Although most of “The Rogue” is dated, petty and easily available to anyone with Internet access, Mr. McGinniss used his time in Alaska to chase caustic, unsubstantiated gossip about the Palins, often from unnamed sources like “one resident” and “a friend.”And these stories need not be consistent. “The Rogue” suggests that Todd Palin and the young Sarah Heath took drugs. It also says that she lacked boyfriends and was a racist. And it includes this: “A friend says, ‘Sarah and her sisters had a fetish for black guys for a while.’  ” Mr. McGinniss did in 2011 make a phone call to the former N.B.A. basketball player Glen Rice, who is black, and prompted him to acknowledge having fond memories of Sarah Heath. While Mr. Rice avoids specifics and uses the words “respectful” and “a sweetheart,” Mr. McGinniss eggs him on with the kind of flagrantly leading question he seems to have habitually asked. In Mr. Rice’s case: “So you never had the feeling she felt bad about having sex with a black guy?”

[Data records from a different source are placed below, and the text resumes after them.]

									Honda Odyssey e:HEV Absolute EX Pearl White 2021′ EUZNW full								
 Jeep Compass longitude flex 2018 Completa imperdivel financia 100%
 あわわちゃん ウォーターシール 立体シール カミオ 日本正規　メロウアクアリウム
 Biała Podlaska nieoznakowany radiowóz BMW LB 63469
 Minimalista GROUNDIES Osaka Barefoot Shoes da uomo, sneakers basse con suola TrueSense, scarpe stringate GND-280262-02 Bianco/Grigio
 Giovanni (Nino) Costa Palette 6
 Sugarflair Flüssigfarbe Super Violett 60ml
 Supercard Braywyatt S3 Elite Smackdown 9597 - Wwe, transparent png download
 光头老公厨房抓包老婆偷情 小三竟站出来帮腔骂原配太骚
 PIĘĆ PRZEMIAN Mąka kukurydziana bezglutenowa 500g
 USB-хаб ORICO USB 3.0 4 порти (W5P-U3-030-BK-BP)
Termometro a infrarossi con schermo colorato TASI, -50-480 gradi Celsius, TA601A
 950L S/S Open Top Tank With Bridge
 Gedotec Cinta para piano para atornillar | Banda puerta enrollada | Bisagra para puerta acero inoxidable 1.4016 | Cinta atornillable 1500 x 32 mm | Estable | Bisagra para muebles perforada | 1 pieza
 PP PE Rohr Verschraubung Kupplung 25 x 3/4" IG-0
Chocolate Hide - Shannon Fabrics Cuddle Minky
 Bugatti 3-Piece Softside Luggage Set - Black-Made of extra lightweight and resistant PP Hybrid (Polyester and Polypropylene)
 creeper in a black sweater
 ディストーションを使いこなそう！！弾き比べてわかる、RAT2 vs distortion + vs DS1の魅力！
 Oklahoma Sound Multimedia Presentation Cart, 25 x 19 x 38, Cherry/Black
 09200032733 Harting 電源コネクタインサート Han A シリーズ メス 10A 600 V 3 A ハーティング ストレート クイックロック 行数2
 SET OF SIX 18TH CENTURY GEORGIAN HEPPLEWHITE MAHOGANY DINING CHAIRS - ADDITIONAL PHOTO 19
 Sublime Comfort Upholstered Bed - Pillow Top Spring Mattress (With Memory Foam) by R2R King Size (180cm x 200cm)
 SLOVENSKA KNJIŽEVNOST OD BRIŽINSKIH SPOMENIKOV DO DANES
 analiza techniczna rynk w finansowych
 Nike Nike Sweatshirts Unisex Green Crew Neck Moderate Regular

If even The NY Times is disgusted with Joe McGinniss, then Palin will emerge stronger from this book.

More to come, I’m sure.

Update:  The NY Times, in a separate article, has some background on McGinnis:

Mr. McGinniss won wide acclaim for writing about politics with his first book, “The Selling of the President 1968.” But his later career as an author of mostly true-crime books has featured a series of controversies. Jeffrey MacDonald, an army doctor accused of murder who had cooperated with Mr. McGinniss for a book about the trial, accused him of dishonestly coercing him and later betraying him in the book. He was accused of plagiarism after his 1993 book about Senator Edward M. Kennedy, “The Last Brother.”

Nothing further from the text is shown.